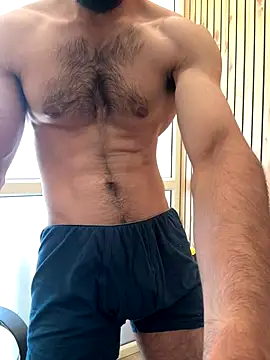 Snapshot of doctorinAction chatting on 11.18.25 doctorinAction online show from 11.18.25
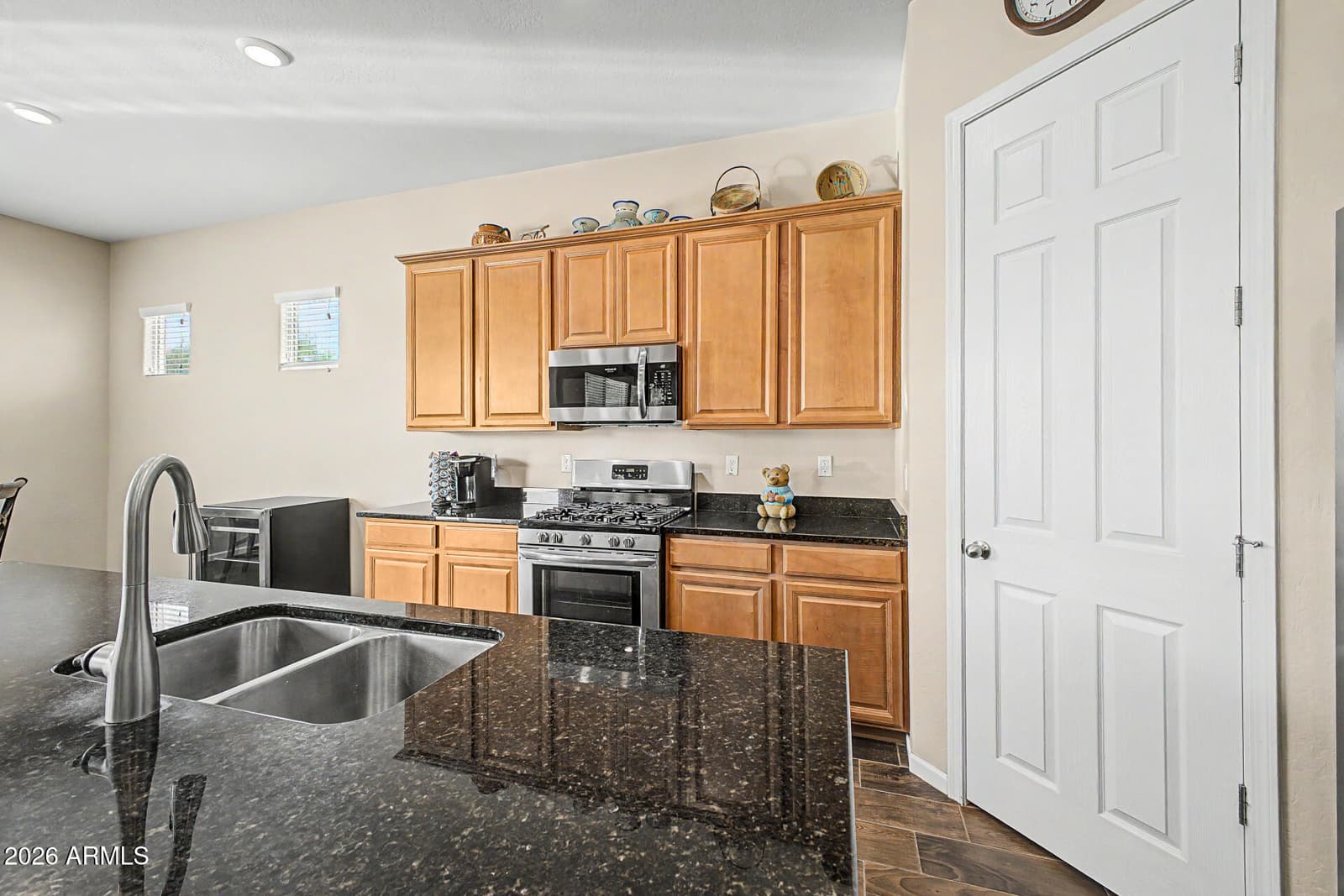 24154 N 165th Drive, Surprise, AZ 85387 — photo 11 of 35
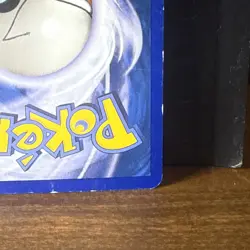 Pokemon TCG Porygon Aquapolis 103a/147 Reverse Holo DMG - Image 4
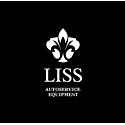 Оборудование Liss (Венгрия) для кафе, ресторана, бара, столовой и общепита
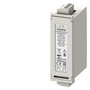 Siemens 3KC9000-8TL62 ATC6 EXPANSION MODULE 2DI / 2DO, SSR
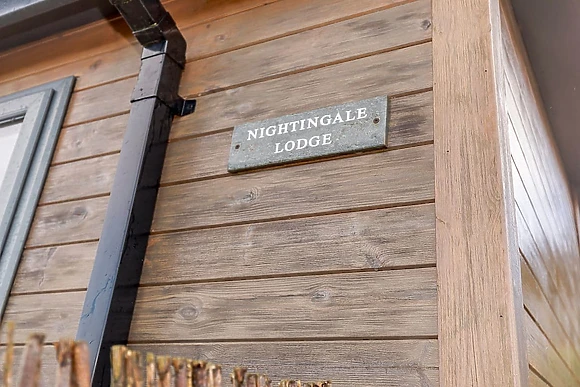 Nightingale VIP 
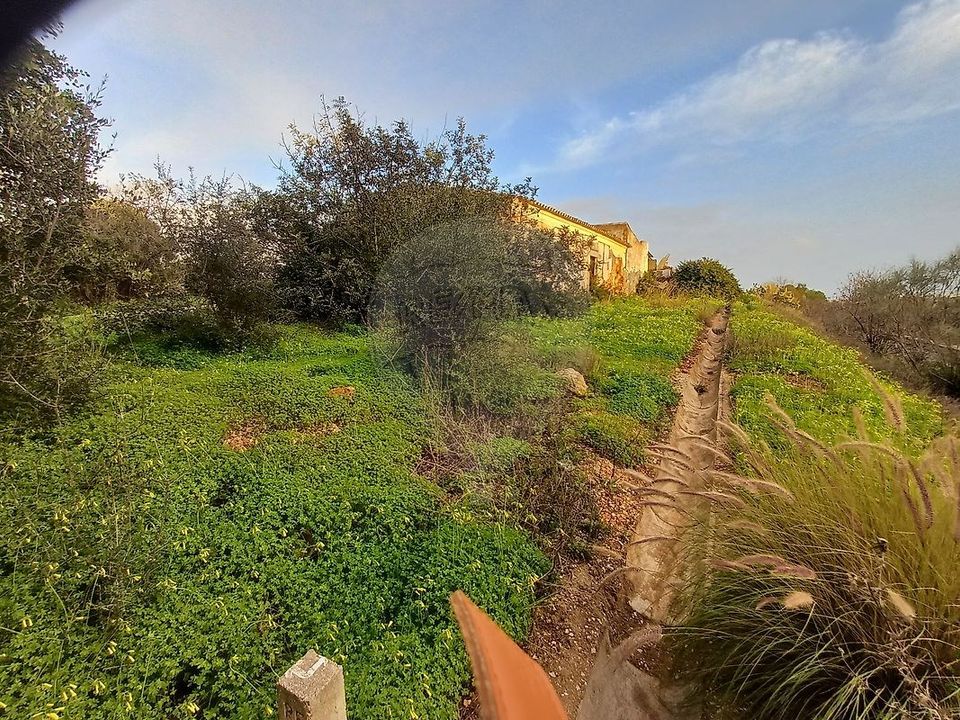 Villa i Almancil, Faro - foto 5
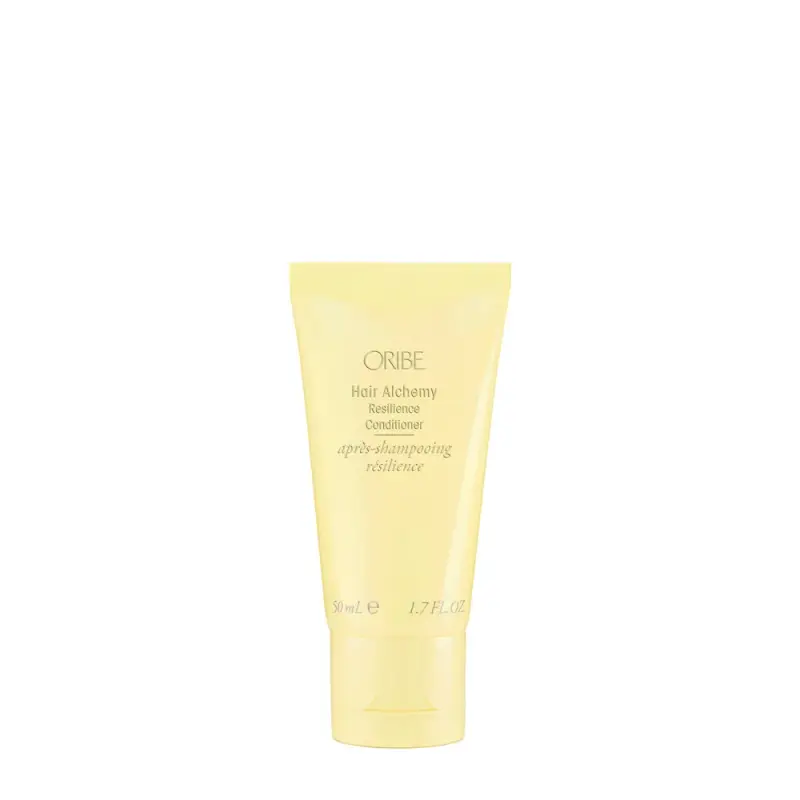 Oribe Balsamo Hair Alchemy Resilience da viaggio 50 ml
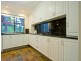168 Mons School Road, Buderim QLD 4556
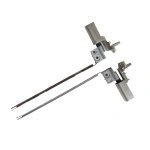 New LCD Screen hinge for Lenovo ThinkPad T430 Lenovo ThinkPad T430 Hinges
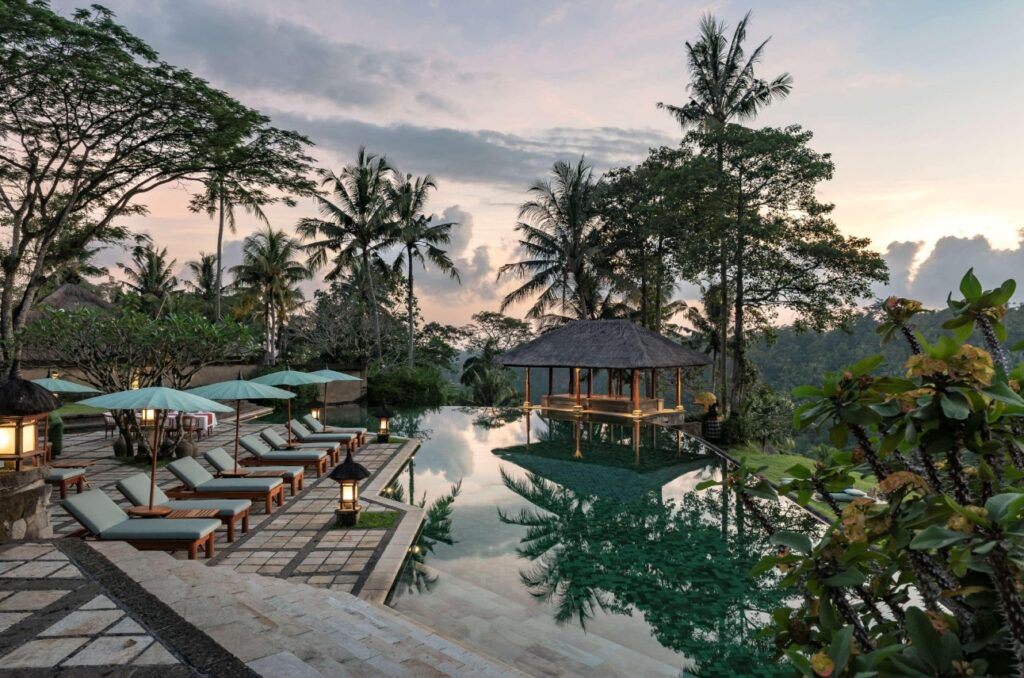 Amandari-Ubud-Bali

──────────

TASK ITEM –
Word for word, give the listing above again, but drop any pictures.

ANSWER SPACE –
 Snapshot of doctorinAction chatting on 11.18.25 doctorinAction online show from 11.18.25
 24154 N 165th Drive, Surprise, AZ 85387 — photo 11 of 35
 Pokemon TCG Porygon Aquapolis 103a/147 Reverse Holo DMG - Image 4
 Оборудование Liss (Венгрия) для кафе, ресторана, бара, столовой и общепита
 Siemens 3KC9000-8TL62 ATC6 EXPANSION MODULE 2DI / 2DO, SSR
 Nightingale VIP 
 Villa i Almancil, Faro - foto 5
 Oribe Balsamo Hair Alchemy Resilience da viaggio 50 ml
168 Mons School Road, Buderim QLD 4556
 New LCD Screen hinge for Lenovo ThinkPad T430 Lenovo ThinkPad T430 Hinges
 Amandari-Ubud-Bali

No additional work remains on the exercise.